In Berlin ist jedes 3. Kind von Armut und Hunger betroffen. Aber in welcher sozialen, besser asozialen Realität Philippe Starck seine kreativen Visionen umsetzt, darüber scheint sich ein solcher Mann, der seine unbestreitbaren gestalterischen Talente hat, keine Gedanken zu machen. Eine angenehme bürgerliche Existenz im Dienste der imperialen Oligarchie und deren Funktionärskaste der imperialen Rechten verlangt nach kompromissloser Prostitution.
Die Salon-Nutte Philippe Starck ist sich denn auch für nichts zu schade und hält sich nicht mit Nebensächlichkeiten wie sozialen und politischen Widersprüchen auf. The show must go on.
Das hauseigene private Spa plant Philippe Starck als einen Ort der Ruhe, der einer „Wolke der Gelassenheit“ gleicht, während er die Café-Bar mit Attributen wie gemütlich, sexy und bequem beschreibt. Für die Grundausstattung bietet Starck seinen Kunden vier verschiedene Richtungen, die er Kulturfamilien nennt: Classic, Culture, Minimal und Nature. Kronleuchter aus mattem silbergrau. Teppiche mit Zebramuster. Eine schwarze Ledercouch neben einer antikisierenden Fussbank. Blasses gelb-grün an den Wänden und an den Aufsätzen aus Glas in der Küche aus Edelstahl.

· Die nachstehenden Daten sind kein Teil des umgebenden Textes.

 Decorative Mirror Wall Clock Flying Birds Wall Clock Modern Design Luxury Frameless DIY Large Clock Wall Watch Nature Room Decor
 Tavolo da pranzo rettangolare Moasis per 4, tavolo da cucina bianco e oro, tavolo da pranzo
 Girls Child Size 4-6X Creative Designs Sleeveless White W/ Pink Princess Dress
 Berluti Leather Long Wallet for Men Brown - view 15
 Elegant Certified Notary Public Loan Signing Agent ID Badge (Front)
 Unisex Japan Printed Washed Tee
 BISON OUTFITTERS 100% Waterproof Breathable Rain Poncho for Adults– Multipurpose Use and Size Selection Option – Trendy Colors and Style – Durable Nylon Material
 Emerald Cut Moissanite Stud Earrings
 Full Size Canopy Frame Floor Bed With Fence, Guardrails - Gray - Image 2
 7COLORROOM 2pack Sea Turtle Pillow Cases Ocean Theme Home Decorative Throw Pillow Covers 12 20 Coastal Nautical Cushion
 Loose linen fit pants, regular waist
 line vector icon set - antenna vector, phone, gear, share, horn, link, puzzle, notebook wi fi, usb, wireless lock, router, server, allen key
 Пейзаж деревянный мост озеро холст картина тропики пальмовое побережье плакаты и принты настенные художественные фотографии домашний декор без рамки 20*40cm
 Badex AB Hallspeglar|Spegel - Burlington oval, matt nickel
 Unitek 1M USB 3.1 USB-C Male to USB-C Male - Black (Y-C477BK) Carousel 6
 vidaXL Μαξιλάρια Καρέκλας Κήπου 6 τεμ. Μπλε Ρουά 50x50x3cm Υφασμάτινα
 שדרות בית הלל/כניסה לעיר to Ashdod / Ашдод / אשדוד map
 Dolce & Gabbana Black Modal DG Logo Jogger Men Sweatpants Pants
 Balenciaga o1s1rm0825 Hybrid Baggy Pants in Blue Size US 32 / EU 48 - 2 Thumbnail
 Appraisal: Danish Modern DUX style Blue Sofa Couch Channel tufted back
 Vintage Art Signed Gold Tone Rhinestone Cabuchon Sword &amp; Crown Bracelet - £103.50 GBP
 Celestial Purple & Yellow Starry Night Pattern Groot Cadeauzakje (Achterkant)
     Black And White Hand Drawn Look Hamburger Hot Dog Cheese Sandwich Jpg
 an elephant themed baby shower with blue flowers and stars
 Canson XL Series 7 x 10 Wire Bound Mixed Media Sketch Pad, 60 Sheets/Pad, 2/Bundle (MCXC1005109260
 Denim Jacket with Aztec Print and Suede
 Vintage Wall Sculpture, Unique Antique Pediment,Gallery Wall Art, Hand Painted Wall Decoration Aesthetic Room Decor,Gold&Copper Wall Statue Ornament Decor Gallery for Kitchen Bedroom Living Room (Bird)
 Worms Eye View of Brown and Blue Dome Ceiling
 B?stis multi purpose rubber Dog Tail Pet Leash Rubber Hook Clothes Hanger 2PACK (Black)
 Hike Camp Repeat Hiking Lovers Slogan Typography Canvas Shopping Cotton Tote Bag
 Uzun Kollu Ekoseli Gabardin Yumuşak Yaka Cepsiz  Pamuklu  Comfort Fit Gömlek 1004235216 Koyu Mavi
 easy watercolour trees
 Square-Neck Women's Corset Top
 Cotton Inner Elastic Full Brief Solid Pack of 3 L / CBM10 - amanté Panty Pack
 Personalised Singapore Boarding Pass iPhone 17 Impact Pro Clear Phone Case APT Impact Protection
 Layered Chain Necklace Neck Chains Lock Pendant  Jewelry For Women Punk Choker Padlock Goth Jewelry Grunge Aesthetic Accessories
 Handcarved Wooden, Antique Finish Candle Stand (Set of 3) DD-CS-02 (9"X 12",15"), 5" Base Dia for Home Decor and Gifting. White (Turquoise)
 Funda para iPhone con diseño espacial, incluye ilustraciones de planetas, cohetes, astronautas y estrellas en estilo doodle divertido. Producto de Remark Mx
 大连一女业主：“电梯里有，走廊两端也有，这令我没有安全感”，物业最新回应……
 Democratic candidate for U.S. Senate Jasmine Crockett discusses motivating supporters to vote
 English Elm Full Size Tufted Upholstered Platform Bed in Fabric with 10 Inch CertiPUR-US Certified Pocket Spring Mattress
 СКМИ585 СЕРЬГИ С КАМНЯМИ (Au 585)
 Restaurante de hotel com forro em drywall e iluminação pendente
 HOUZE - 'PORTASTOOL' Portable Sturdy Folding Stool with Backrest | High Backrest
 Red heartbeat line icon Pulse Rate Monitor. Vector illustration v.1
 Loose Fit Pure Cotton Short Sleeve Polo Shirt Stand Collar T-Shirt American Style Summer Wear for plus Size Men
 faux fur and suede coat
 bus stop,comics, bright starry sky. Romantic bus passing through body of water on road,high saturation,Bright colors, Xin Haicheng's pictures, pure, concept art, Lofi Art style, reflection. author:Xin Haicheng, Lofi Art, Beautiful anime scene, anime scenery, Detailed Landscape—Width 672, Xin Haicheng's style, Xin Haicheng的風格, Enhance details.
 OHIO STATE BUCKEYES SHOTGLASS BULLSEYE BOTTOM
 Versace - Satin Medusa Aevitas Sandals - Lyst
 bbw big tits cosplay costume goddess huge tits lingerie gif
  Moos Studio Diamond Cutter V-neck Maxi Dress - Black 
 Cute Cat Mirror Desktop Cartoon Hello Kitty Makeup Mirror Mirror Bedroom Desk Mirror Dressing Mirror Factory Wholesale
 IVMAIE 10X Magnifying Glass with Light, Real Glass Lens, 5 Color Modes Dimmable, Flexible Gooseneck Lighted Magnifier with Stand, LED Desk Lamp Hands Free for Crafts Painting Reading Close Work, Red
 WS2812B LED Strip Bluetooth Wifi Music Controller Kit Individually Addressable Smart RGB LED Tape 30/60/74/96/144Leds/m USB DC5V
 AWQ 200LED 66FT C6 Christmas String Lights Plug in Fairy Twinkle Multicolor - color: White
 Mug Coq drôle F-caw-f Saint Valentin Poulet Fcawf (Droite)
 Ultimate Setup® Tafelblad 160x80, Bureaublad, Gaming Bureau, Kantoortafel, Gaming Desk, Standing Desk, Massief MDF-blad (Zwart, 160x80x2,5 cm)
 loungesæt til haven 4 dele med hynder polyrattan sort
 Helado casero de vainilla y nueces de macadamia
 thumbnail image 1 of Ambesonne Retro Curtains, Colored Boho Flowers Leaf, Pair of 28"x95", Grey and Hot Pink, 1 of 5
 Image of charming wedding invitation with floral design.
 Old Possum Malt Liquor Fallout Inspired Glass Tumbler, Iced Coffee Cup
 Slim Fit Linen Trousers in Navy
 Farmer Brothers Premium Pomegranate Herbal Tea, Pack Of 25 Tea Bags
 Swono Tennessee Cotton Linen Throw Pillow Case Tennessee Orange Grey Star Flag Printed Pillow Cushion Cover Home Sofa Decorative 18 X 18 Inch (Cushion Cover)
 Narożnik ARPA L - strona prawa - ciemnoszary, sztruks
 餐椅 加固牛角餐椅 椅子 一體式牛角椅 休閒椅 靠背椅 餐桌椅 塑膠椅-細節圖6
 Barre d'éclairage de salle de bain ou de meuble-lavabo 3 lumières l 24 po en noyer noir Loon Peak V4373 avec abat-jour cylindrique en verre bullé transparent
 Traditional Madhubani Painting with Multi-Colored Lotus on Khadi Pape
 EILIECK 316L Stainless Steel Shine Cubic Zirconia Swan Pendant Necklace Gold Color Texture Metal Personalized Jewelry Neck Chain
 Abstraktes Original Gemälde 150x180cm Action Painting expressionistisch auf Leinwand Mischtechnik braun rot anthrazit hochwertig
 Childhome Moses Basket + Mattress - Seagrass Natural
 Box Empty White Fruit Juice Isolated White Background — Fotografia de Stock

In der Musterwohnung ist auch noch Platz für den Cloud Chair von Charles und Ray Eames. Sachlichkeit und Ornament, Barock und Moderne werden der interessierten Kundschaft versprochen.
Darüber hinaus sei es jedem Käufer freigestellt, die Wohnung so einzurichten, wie es ihm beliebt. Wem es hier an Geschmack oder Ideen mangelt, der könne sich selbstverständlich vertrauensvoll an das Designteam von Yoo wenden und sich gegen frei wählbaren Aufpreis entsprechende Beratung einholen, so erläutert der Werbetext.
Trotz Quadratmeter-Kaufpreisen von 5.000 Euro im Pied-à-terre bis knapp 10.000 Euro im Penthaus sei die Nachfrage gross, hiess es in Pressemitteilungen. Knapp ein Drittel der Wohnungen sind bereits verkauft. „Fast alle Käufer nutzen Elemente aus dem Philipp-Starck-Design, aber kaum jemand alles“, sagt Thomas Wolfensberger. Er ist der Chef des in Zürich ansässigen Bauträgers “Peach Property”.
Die Deutsche Bank prognostiziert in einer aktuellen Studie für gute Lagen einen jährlichen Preisanstieg von rund 1,5 Prozent. Im Yoo-Penthouse wären das umgerechnet mindestens 30.000 Euro pro Jahr.